Cette rencontre a été marquée par des interventions fortes appelant à un changement de comportements, notamment au sein des ménages.
Prenant la parole à l’ouverture, le directeur du CIAPOL, Bernard Yacou, a salué cette initiative citoyenne tout en rappelant la mission de son institution « Le CIAPOL ne produit pas la pollution, mais lutte contre elle », a-t-il indiqué, exhortant les participants à mieux comprendre les enjeux liés à la dégradation de l’environnement.
Insistant sur la dangerosité du plastique, il a souligné sa longévité dans la nature « Lorsqu’un déchet plastique est abandonné dans l’environnement, il peut mettre jusqu’à 400 ans à se dégrader », a-t-il averti.

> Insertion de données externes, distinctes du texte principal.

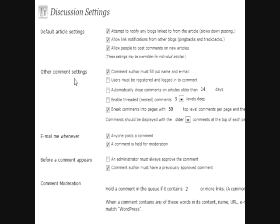Okay, discussion settings. Discussion settings is actually all of your comment moderation and your commenting settings.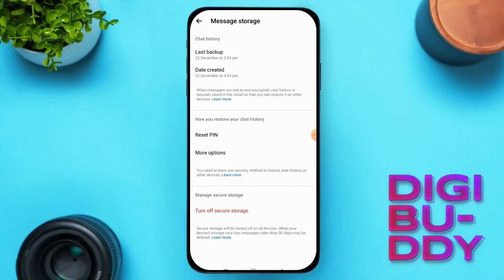And that's it — your encrypted chats are successfully restored. If you found this tutorial helpful, don't forget to like, share, and subscribe to our channel for more informative videos. Until next time, goodbye.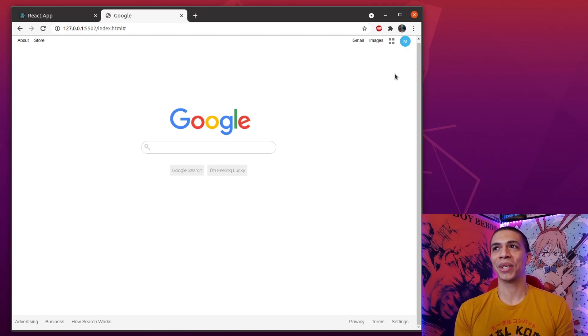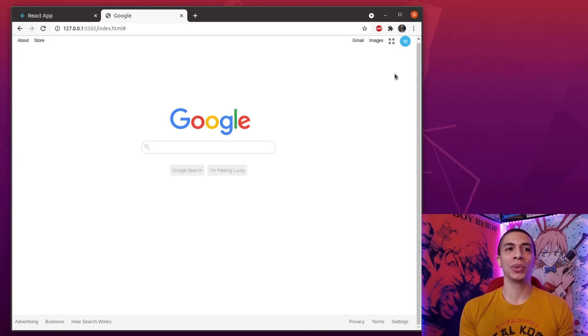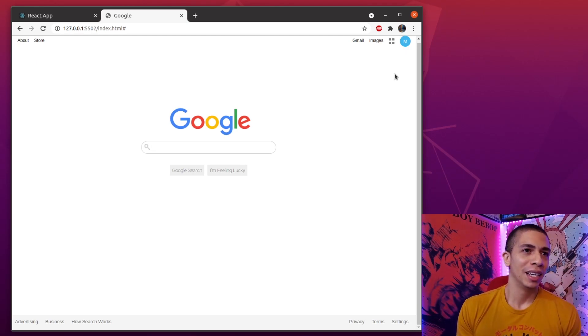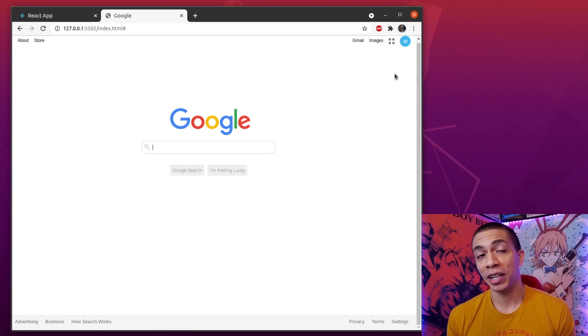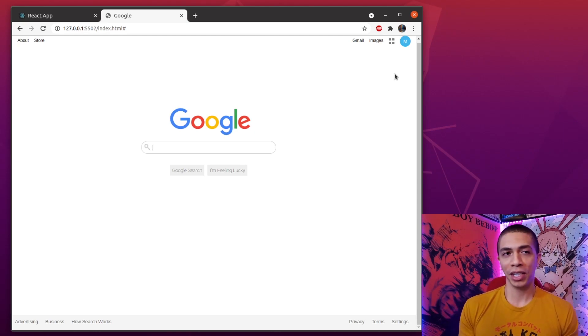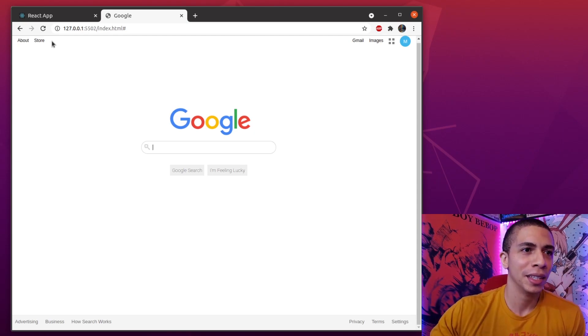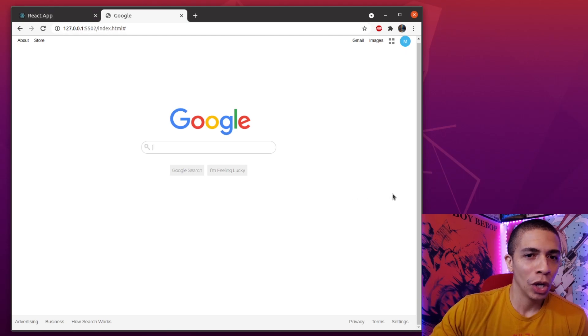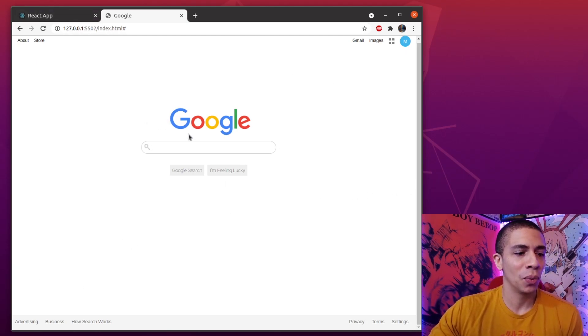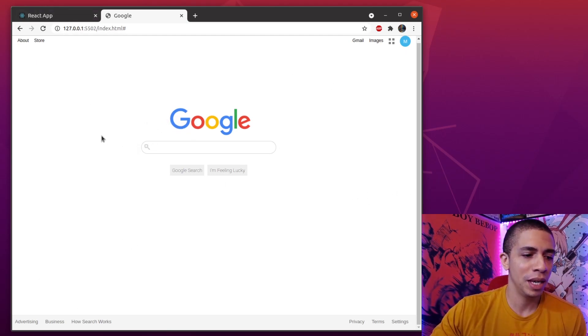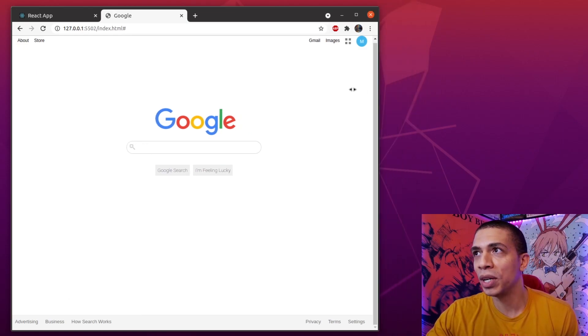All right, here we have it guys - the first project I worked on, making your own version of the Google homepage. I did this project as part of the curriculum for the Odin project. Yeah, let's play around with it.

Au-delà de sa persistance, il a mis en lumière les risques sanitaires liés aux microparticules plastiques, désormais présentes dans la chaîne alimentaire « Ces particules pénètrent l’organisme humain, atteignent le sang, le cerveau et peuvent même impacter les générations futures », a-t-il ajouté, évoquant une corrélation avec certaines pathologies graves.
Dans la même dynamique, la présidente de l’ONG Cœur Glorieux, Liliane Kpazara, a exprimé sa reconnaissance au Ministère de l’Environnement et de la Transition écologique ainsi qu’au CIAPOL pour leur accompagnement.
Elle a rappelé que la gestion des déchets plastiques constitue un défi majeur en Côte d’Ivoire, où « plusieurs milliers de tonnes sont produites chaque année, avec un faible taux de recyclage ».
Elle a également mis en avant le rôle stratégique des femmes dans cette lutte.
« Les femmes occupent une place centrale dans les ménages et les communautés. Leur implication est essentielle pour impulser des comportements écoresponsables », a-t-elle soutenu.
Par ailleurs, en sa qualité de présidente-fondatrice, elle a insisté sur l’approche genre adoptée par son organisation. Selon elle, les femmes, en tant qu’actrices clés de la gestion domestique, doivent être au cœur des solutions « Il est important de renforcer leurs capacités et de susciter une prise de conscience afin qu’elles deviennent de véritables agentes du changement », a-t-elle expliqué.
Elle a, en outre, encouragé l’adoption de pratiques liées à l’économie circulaire, notamment le tri et le recyclage des déchets « En changeant nos habitudes et en éduquant nos enfants, nous pouvons contribuer durablement à la protection de notre environnement », a-t-elle conclu.
Pour l’ONG Cœur Glorieux, cet atelier permet de renforcer la sensibilisation et favoriser l’émergence d’une citoyenneté écologique active, avec les femmes comme piliers de cette transformation.